“Sounds like a good brother.”
“The best. Even when he’s overbearing and controlling and treats me like I’m still seven years old.” She pulls her coat tighter around herself. “I know why he does it. He lost our parents. He’s terrified of losing me, too. But sometimes, I wish he could see me as capable instead of fragile.”
“He knows you’re capable. That’s why he sent you to London in the first place.”
“Maybe. Or maybe he just wanted me far away from anything that could hurt me.”
“Both things can be true.”
We round a corner, and the Winter Palace comes into view. Lit up against the night sky, it looks like something from a fairy tale. Beautiful and cold and completely untouchable.
“Have you ever been inside?” Sasha nods toward the Hermitage.
“Once. Years ago. I spent four hours looking at paintings and still only saw a fraction of the collection.”
“I could spend a week in there and not get bored. Art is the one thing that makes sense to me. Everything else in life is messy and unpredictable, but a painting is just what it is. The brushstrokes tell you everything if you know how to read them.”
“Is that why you became an authenticator? Because art makes sense?”
“Partly. Also, because I’m good at it. And because it was all mine.” She looks at me and asks, “Have you ever had something that was just yours? That nobody else could touch or take away?”

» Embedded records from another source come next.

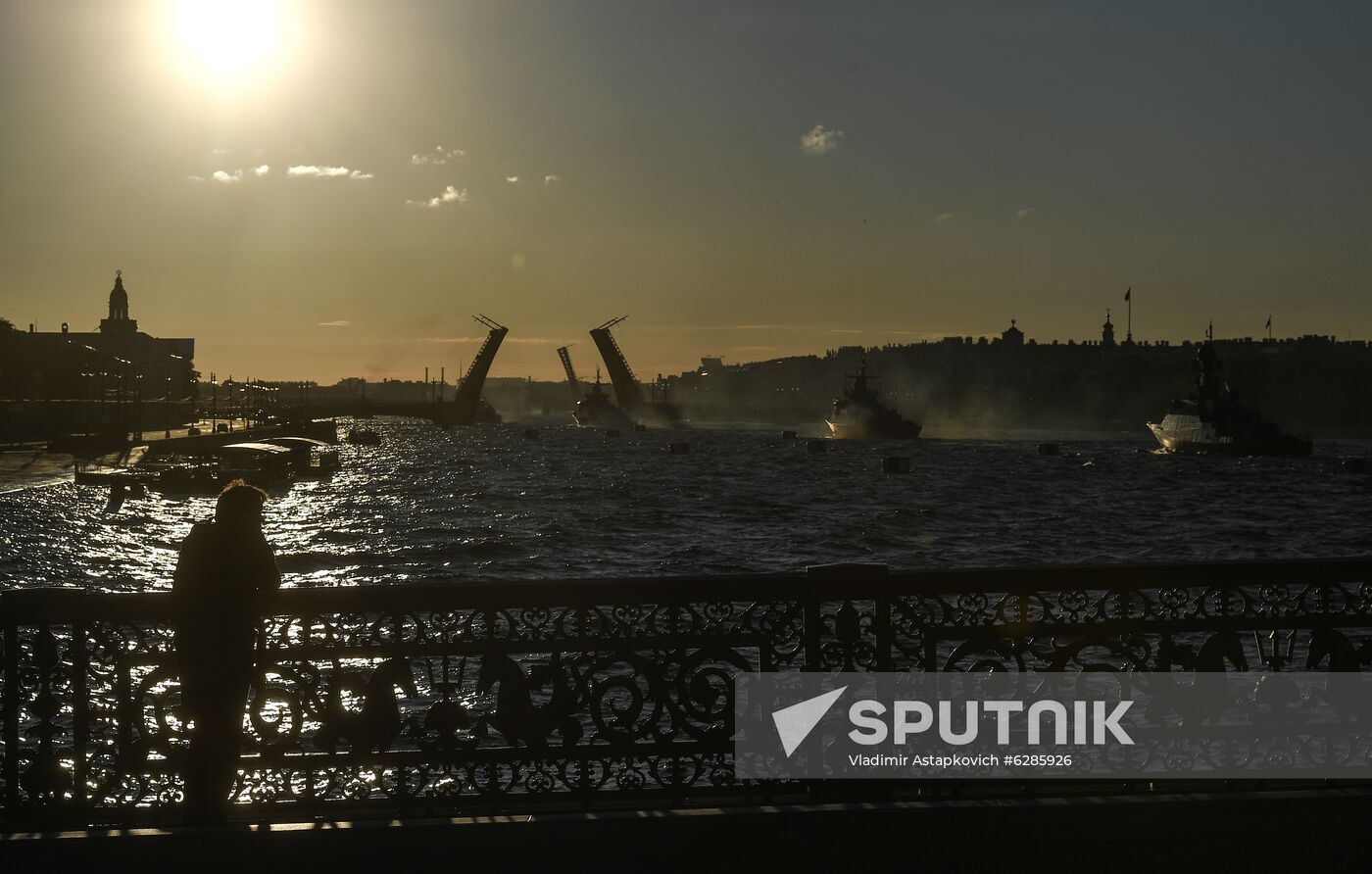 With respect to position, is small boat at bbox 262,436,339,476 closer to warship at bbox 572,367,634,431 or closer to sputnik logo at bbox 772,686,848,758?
sputnik logo at bbox 772,686,848,758

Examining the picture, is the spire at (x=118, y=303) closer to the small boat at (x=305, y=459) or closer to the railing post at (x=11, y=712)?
the small boat at (x=305, y=459)

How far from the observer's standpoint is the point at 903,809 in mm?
4992

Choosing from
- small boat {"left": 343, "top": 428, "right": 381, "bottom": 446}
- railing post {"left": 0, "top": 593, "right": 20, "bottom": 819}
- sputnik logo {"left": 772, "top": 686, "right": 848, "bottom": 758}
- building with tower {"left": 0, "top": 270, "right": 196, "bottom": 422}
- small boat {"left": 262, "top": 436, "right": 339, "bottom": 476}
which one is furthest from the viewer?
small boat {"left": 343, "top": 428, "right": 381, "bottom": 446}

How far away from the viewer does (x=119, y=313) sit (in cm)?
16188

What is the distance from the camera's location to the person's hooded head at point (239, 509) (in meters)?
4.94

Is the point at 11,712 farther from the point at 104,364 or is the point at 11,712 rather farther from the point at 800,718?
the point at 104,364

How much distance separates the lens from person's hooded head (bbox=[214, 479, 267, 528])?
494 cm

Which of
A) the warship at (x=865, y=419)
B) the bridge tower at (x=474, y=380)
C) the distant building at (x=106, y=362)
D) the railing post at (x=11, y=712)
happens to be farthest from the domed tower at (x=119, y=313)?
the railing post at (x=11, y=712)

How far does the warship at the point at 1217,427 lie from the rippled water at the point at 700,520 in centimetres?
1357

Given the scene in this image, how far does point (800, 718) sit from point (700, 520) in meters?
40.5

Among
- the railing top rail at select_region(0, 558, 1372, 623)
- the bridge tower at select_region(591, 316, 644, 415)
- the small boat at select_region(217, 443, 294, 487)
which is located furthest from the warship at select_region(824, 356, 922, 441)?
the railing top rail at select_region(0, 558, 1372, 623)

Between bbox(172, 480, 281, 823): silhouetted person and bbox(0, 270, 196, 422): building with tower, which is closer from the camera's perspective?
bbox(172, 480, 281, 823): silhouetted person

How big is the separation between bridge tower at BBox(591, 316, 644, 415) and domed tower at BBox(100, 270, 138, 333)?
62.6 m

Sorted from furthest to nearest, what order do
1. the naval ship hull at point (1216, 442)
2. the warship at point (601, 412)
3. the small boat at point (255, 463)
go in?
1. the warship at point (601, 412)
2. the naval ship hull at point (1216, 442)
3. the small boat at point (255, 463) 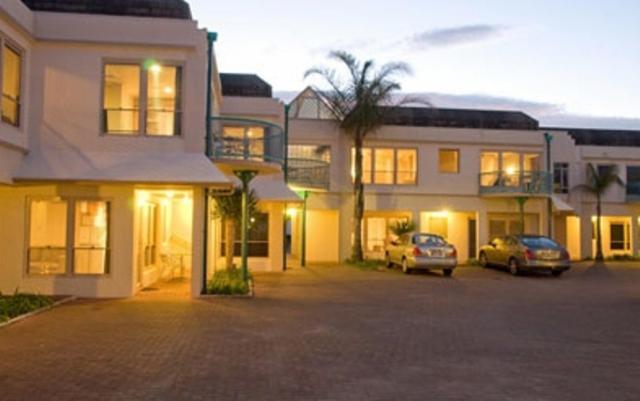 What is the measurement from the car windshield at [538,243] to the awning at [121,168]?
13.9 metres

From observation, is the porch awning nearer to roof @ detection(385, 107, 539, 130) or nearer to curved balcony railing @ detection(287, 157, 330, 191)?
curved balcony railing @ detection(287, 157, 330, 191)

I think about the question longer than I probably should.
“My integrity,” I decide. “At least, that’s what I used to think before I started taking jobs that compromised it. The lines get blurry when you work in the shadows long enough. Things you swore you’d never do start feeling necessary. Justifiable. And before you know it, you don’t recognize yourself.”
“Do you recognize yourself now?”
“I’m starting to. Being around you makes me want to be better than I’ve been.” The admission comes out before I even realize what I’m saying. “I don’t know if that’s a good thing or not.”
Sasha stops walking. I turn to face her, and the look in her eyes makes something behind my sternum pull tight.
“It’s a good thing,” she assures me.
Then she reaches out and takes my hand.
The gesture is achingly simple, but God damn, does it set my body on fire. Her fingers lace through mine like they belong there. Her palm is cold from the night air, but the contact sends warmth spreading up my arm and into my chest.
I’ve held her before. Touched her. Almost made love to her in her apartment before bullets interrupted us. But this feels different. More intimate. Like she’s choosing me, not just wanting me.
I know I don’t deserve it. I’m lying to her about Adrian, about the contract, about everything that matters. If she knew the truth, she’d never look at me again.
But standing here on this cold St. Petersburg night with her hand in mine, I let myself pretend—just for a moment—that I’m the man she thinks I am. That this could work. That I haven’t already destroyed any chance of a future with her.
13
Sasha
I’ve been asking Tony about his journalism career for twenty minutes, and he’s running out of lies.
We’re back at the Moscow safehouse after the train ride from St. Petersburg, and I’m curled up on one end of the couch while he sits on the other.
The threatening note is locked in Dmitri’s safe. The gallery evidence has been sent to my brother’s analysts.
Everything should feel like it’s getting resolved, but nothing does.
“So which editor assigned you to cover Alexei’s wedding?” I keep my voice casual. “You said it was the local paper, right?”
“Roman Dashkov. He handles their international coverage.”